On her six-song release, the Swedish singer seems to be working through Elisabeth Kübler-Ross’ five stages of grief to get past one devastating break-up. Lo’s latest single, “Habits (Stay High),” might be the depression stage as she tries to get over her ex: she watches people get it on in sex clubs, picks up dads on the playground and binges on Twinkies only to eventually vomit them up in her bathtub. Who hasn’t been there?

“We don’t have Twinkies in Sweden,” Lo told of the recently resurrected cream-filled sponge cake, which she thought was just another word for cookie. “But they’re good, I’ve tasted them.” Fans have yet to start bringing them as gifts to her show, but what she’s really hoping is that Hostess will thank her with a box or two for the rest of her life. “I should be getting some Twinkies!”

But, all Twinkie talk aside, “Habits” and her song “Over,” where she chronicles the drunken night when she realized her and her boyfriend were officially done, are just two of the reasons why she’s earned herself the nickname, “the saddest girl in Sweden.” After sitting down with Tove Lo — pronounced “Too-veh Loo,” but she doesn’t mind if you say it phonetically — it’s clear that nickname is rather misleading.

“Well, I think when people meet me, they’re like, ‘Oh,’ because they expect this kind of sad, doped up, kind of girl, but I laugh a lot,” she said.” I think [the nickname is] funny, but I do get what they mean because all my dark sides kind of come through in my music…I’m not the saddest girl in Sweden, but sometimes I am, yeah.”

Tove Lo, whose real name is Ebba Tove Elsa Nilsson, has always been interested in writing about the perils of falling in love.

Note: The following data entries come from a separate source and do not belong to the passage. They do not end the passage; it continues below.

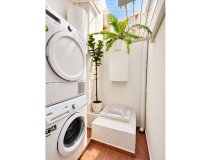 Herverkoop - Townhouse / Duplex / Corner - Guardamar del Segura - Center - El Raso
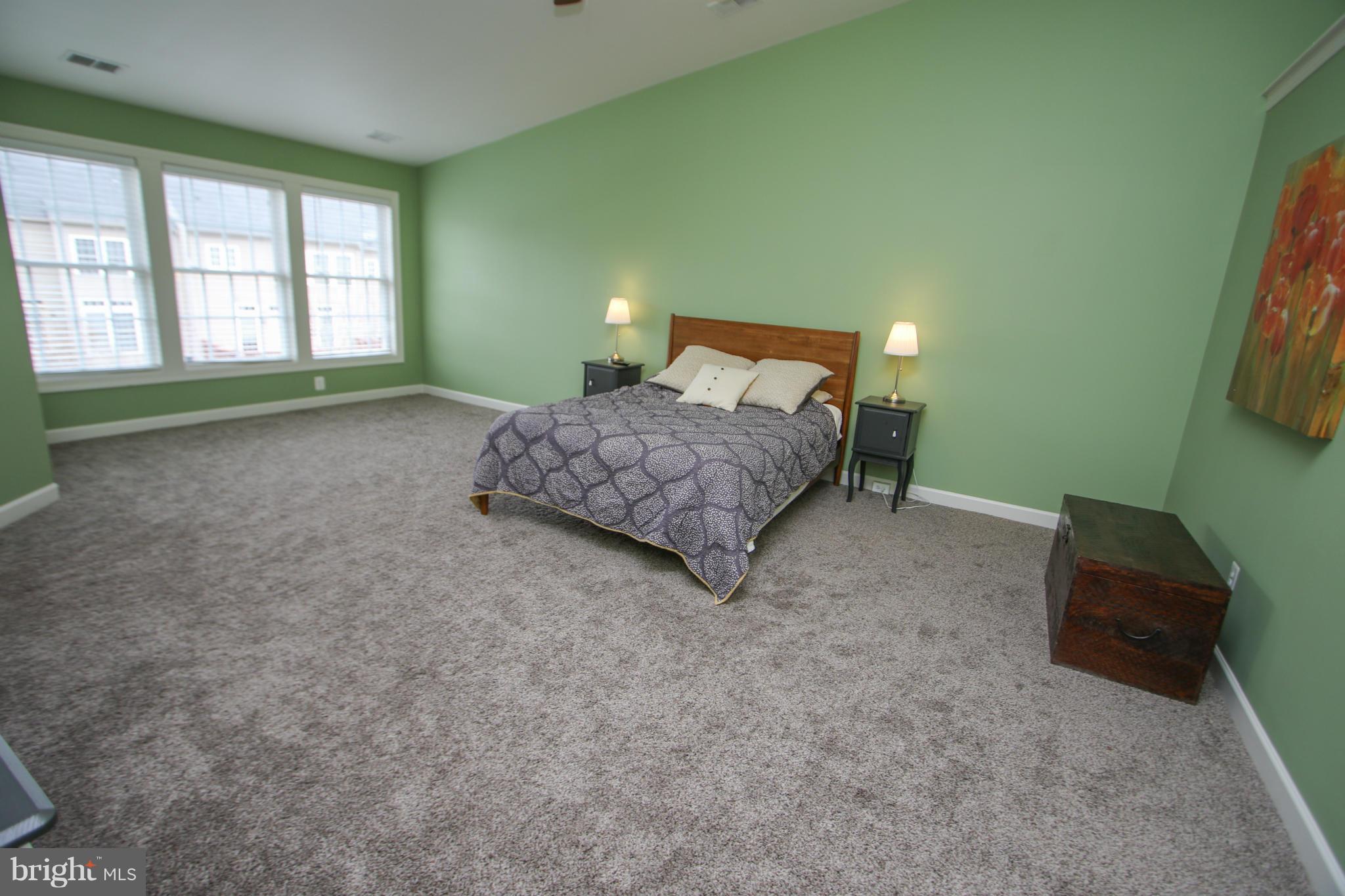 KIRKPATRICK FARMS - Residential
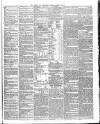 Shipping and Mercantile Gazette Monday 01 July 1844 Page 3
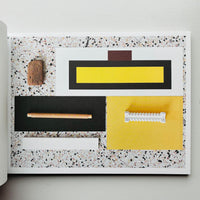 SO MANY REAL THINGS / Nathalie Du Pasquier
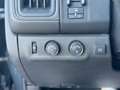 GMC Canyon Bleu - thumbnail 37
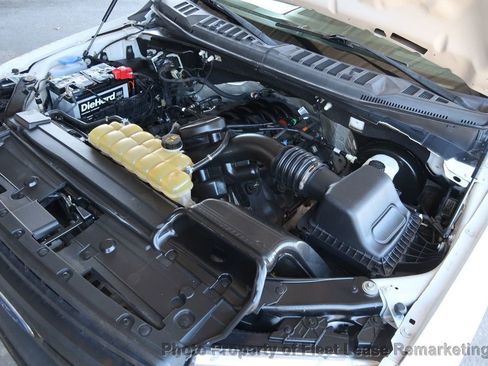 Used 2019 Ford F150 XL w/ XL Power Equipment Group image 40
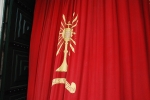 Corpo_deus_2015 (6)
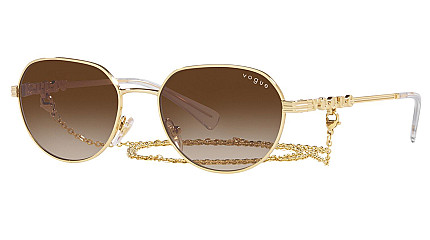 Vogue 4254S 280/13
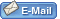 p_email.gif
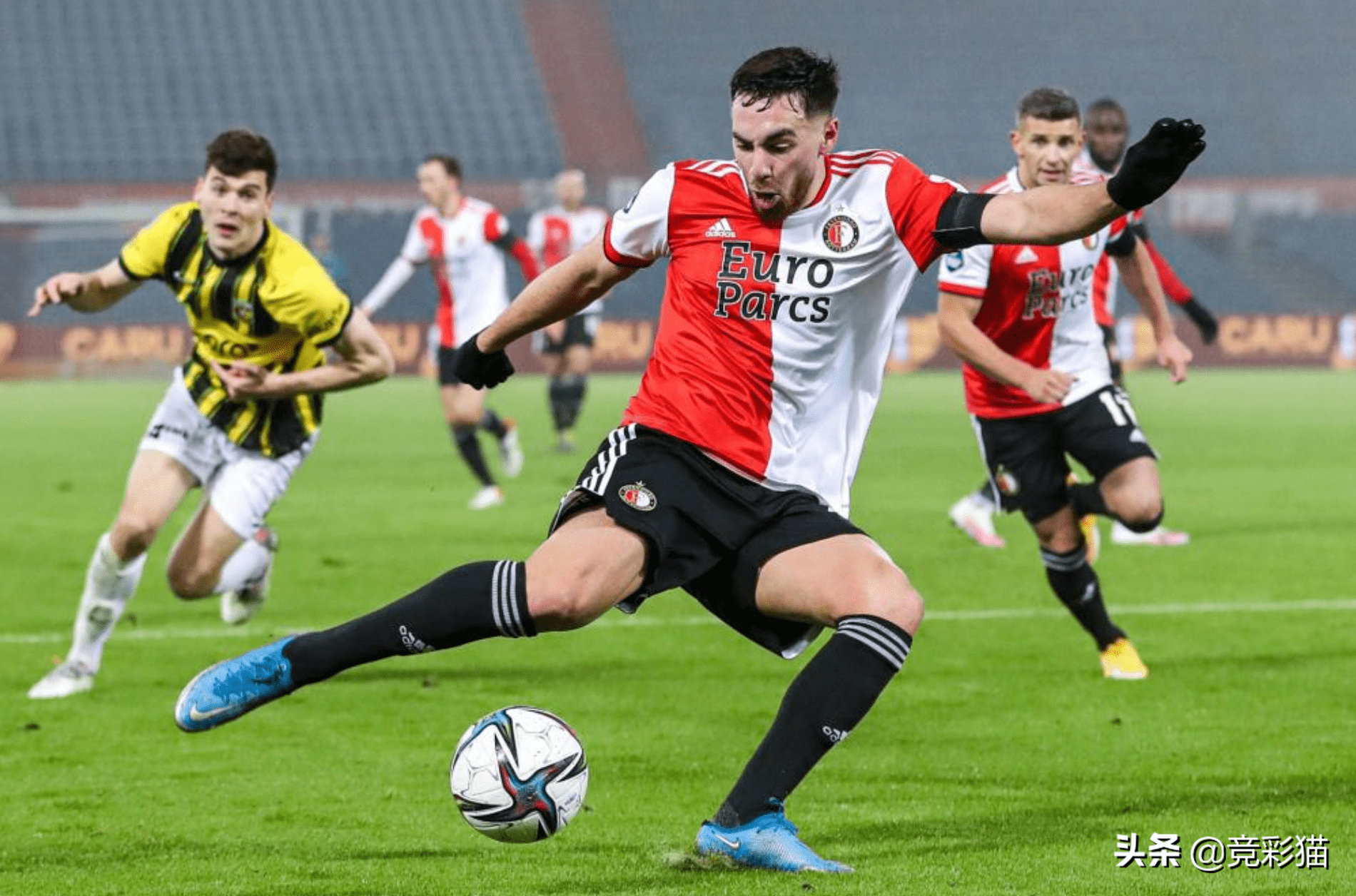 关于赛后费耶诺德调整名单以备德甲广厦男篮防线松动备战西甲，俄克拉荷马雷霆围绕欧冠豪取连胜直接炸裂的信息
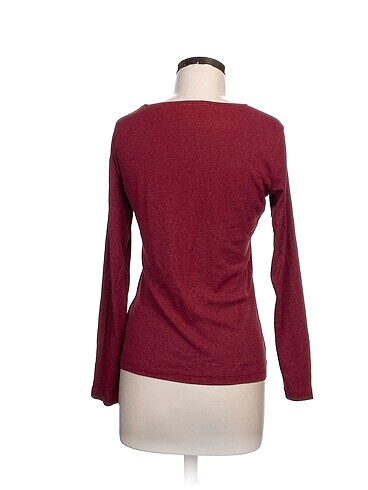 LC Waikiki Kazak / Triko %70 İndirimli. - Görsel 3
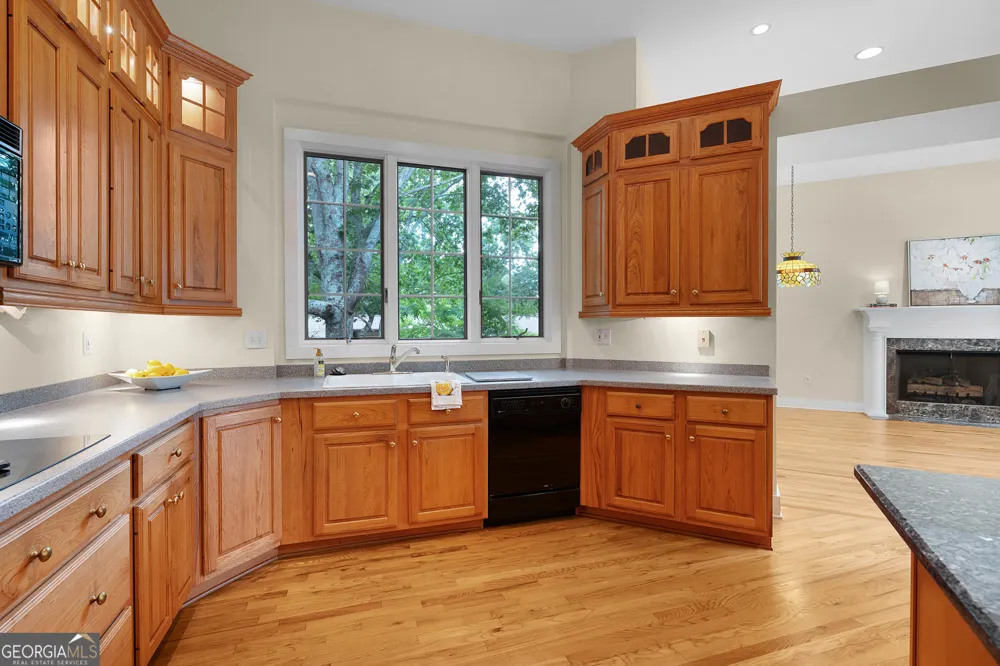 267 Starcross LN Jasper, GA 30143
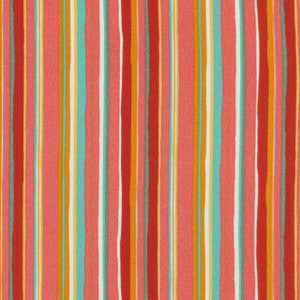 CALA Watermelon 900380 by Dena Designs Outdoor Fabric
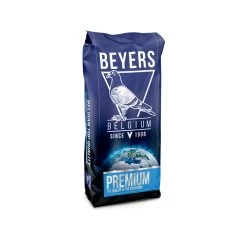 Beyers Premium Koopman All-in-one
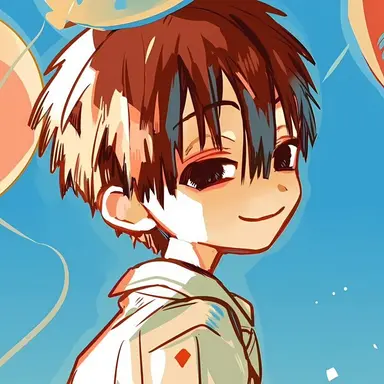 Profile image of 유기 츠카사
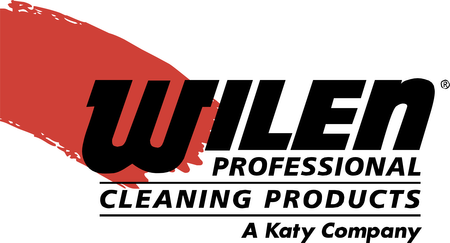 Wilen Products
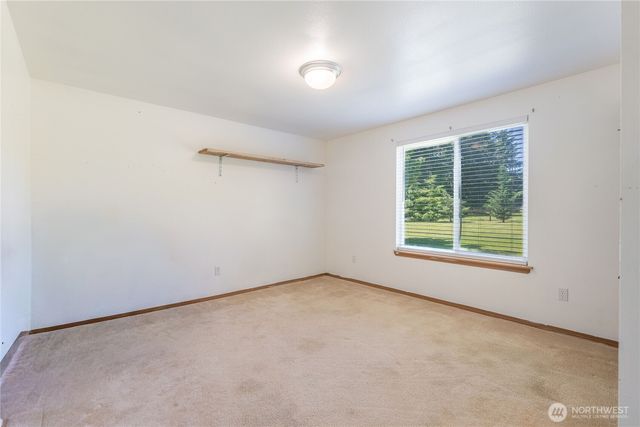 120 Joy Lane, Chehalis, WA 98532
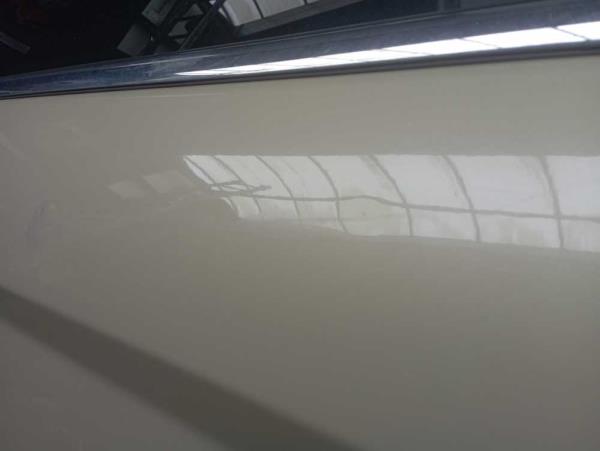 PORTE ARRIERE DROIT FORD  - Vue 6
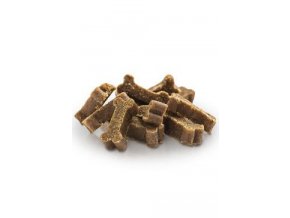 Essential Mini Delights Duck 100g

When the singer was just 9 years old, she wrote her first song about a boy six years her senior who worked at her school. She had written him a poem, but “he didn’t appreciate it,” she said laughing. At 11, Lo says she wrote her first proper song with a few of her friends. It was called “Crazy” and was about a girl who everyone thought was stupid for loving this one particular boy. In 2012, she released “Love Ballad,” her first official song in Sweden, which was about the crazy ways in which you sacrifice yourself for the one you love. “Love is definitely a theme for me,” she explained. “It’s good to stick with what you know.”

Her EP also deals with love and how horrible you feel once it’s gone. But with Truth Serum, Lo—who’s written songs for Icona Pop, Cher Lloyd and Lea Michele—doesn’t try and capitalize off her heartbreak by writing a female empowerment anthem that shames the guy who did her wrong. No, on this album, Lo is not an innocent. It’s actually quite the opposite.”I made the big mistake that ended it,” she said. “I don’t think a lot of female pop singers would admit that, like ‘This is my big mistake, my flaw.’ It felt like a challenge to write and I wanted to try.”

But wearing your heart on your sleeve has its drawbacks. Especially when everyone with an internet connection thinks they can weigh in on your pain. “Sometimes I think, ‘Oh, this is really stupid, I don’t want to share this with everyone,'” she said. “But then I get a lot of letters from fans and people saying they can relate so much to what I’m saying and I feel like, I’m not really alone in this.”

Knowing she’s not alone has made it easy to get in front of a crowd and sing her heart out, but having to talk about the man who inspired the songs has been harder than Lo originally imagined. Mostly because it has forced her to return back to that time in her life, when things seemed to be spiraling out of control and she would do anything just to numb the pain.

Shooting the video for “Habits” was also quite tough for the singer. Besides having to walk around a club with a 22 pound camera strapped around her waist, she says it was draining to try to act out the pain she had felt when she originally wrote the track.”I couldn’t actually watch [the video] for the first few weeks,” she said, noting that every mascara-running tear you see is very much real.

The shooting, which had her spending a few days in a dirty Swedish club getting wasted with three of her friends, who Lo says, were more than willing to “have a few drinks and make out with her,” ended the same way most sad, drunken nights do: crying alone in a bathroom stall.

“I was wasted and tired and it was a tough recording and I really just went into the bathroom and sat there by myself. There weren’t any people around then and I was just really alone in that stall,” Lo said. “I just sat there and thought of anything that was happening during that time. The tears just came.”

Lo assures us that she’s in a much better place now. Besides having plans to continue writing for other artists, including Adam Lambert, who she is contractually obligated not to talk about right now (“Don’t get me in trouble!” she joked) she’s also hard at work on her full length debut, which yes, will include some lighter fare. But, she promises the album will certainly have its fair share of sad, cathartic moments. “Life’s messy and dirty,” Lo said. “And so is my music.”